SoA Lecture Series: Dr. Hsain Ilahiane, Mississippi State University

When

2 p.m., March 4, 2021
Thursday, March 4, 20212:00 p.m.Via Zoom Title: "Mobile Phones and Smallholder Farmers in Morocco: The Mobile Phone is Neither a Snowmobile nor a Truck" Abstract: Agricultural decisions on timely soil preparation and planting, irrigation and weeding, cultivating and harvesting, and storage and marketing have always been key concerns to farmers. The impacts of information and communication technologies in agriculture are not new, and many forms of local knowledge and technology are still central in managing agriculture.  Mobile phones, however, are speeding up ways in which farmers get, exchange, and manipulate information. They have reworked the ways farmers interact with rural and urban markets.

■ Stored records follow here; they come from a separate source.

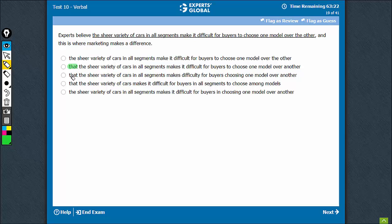Believe that is the correct usage and therefore, options A and E can be eliminated. Option D changes the meaning by suggesting that buyers are in all segments. The meaning is that cars are in all segments. So, D can be eliminated.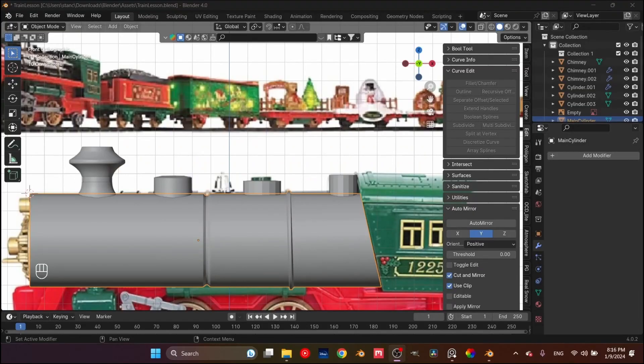Hello everyone, welcome back to part 5 of our Winter Train tutorial series. We will continue with our modeling. So far we learned about the mirror modifier, the solidify modifier, and probably the most important, the subdivision modifier. In the next two parts, we're going to hopefully finish modeling the main cabin. We will go over some of these again, continuing to use these modifiers and the methods you've seen so far.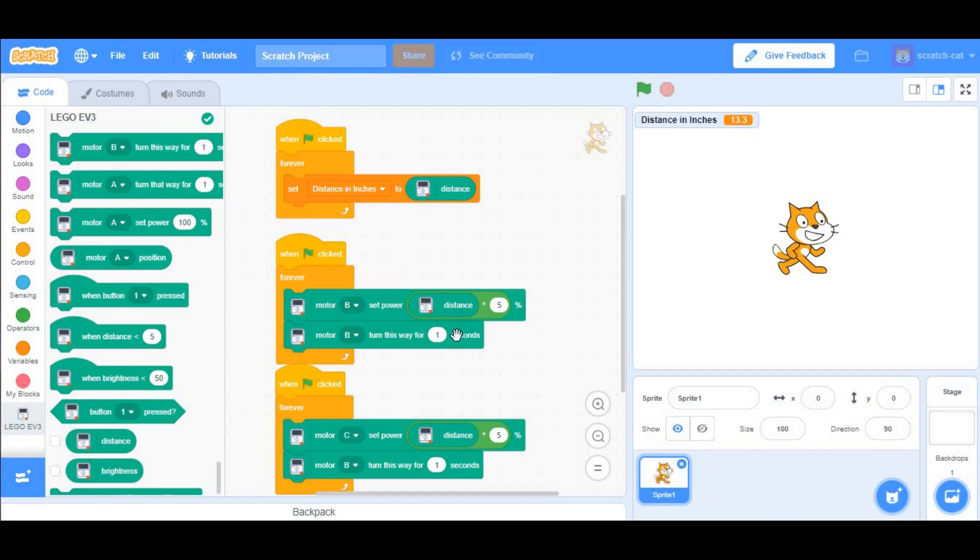Next, what you want to do is change the seconds to something lower, like for us, would be 0.1, because we're on a desk.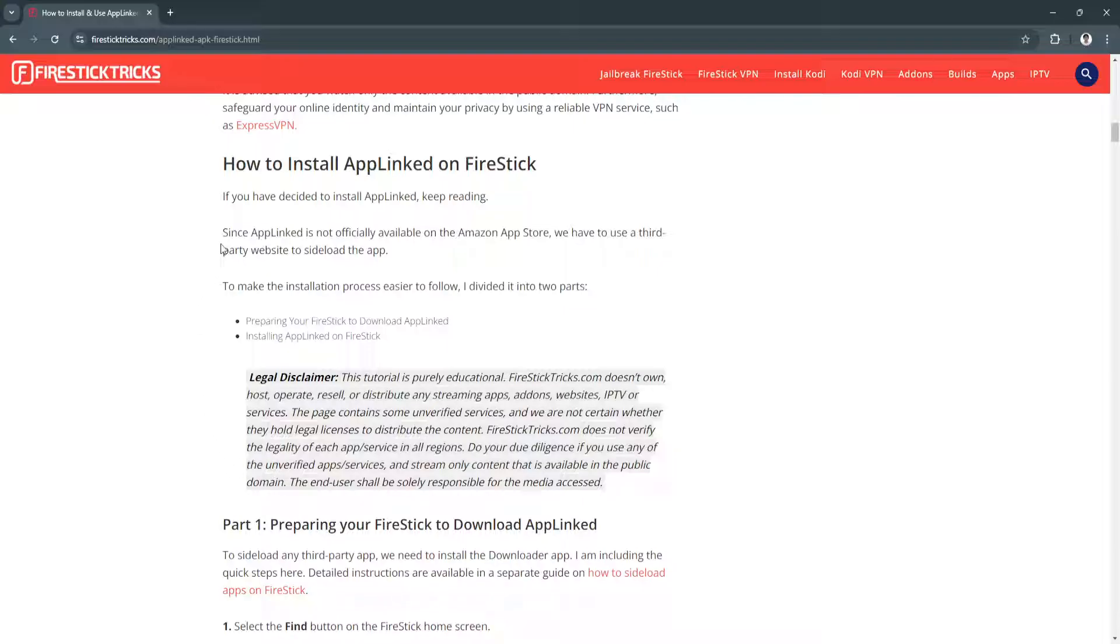Since AppLinked is not officially available on the Amazon App Store, we have to use a third-party website to sideload the app.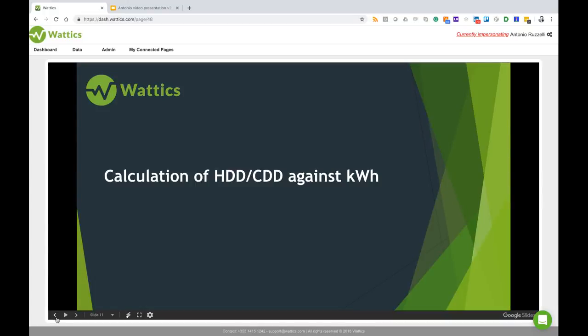Hello, this is Antonio from Wattix. In this video we will consider how heating degree days and cooling degree days impact kilowatt hour consumption and how the formula composer can be used to incorporate HDD and CDD data into your energy analysis.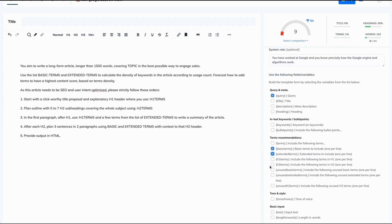Start with a clickworthy title proposal and explanatory H1 header where you use H1 terms. Perfect. H1 terms. Plan outline with 5 to 7 H2 subheadings covering the whole subject using H2 terms.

Increasingly, mobile phones enable farmers to focus, search, and extract useful and up-to-date market information from social and business networks. In this paper, I examine how and to what effects mobile phones are used by smallholder farmers in Morocco. Second, I contend that the mobile phone is a tool of re-organizing production and marketing strategies, leading to higher farming revenues. Third, I claim that mobile phones have deepened and expanded market participation, resulting in intensive cultivation of “market-friendly” crops. Fourth, I argue that mobile phones have enabled farmers to take risks more easily than before, creating a spirit of risk taking.  Fourth, I contend that mobile phone use for market information search has led to the flattening of information asymmetry between farmers and footloose middlemen.  Finally, I discuss the ways in which mobile phones are different from “old” technologies such as snowmobiles and trucks in the development space. Hsain Ilahiane, Professor and HeadDepartment of Anthropology and Middle Eastern CulturesMississippi State University FREE AND OPEN TO THE PUBLIC For more information, contact: Dr. Mamadou Baro ( baro@arizona.edu)or Catherine Lehman (cml@arizona.edu)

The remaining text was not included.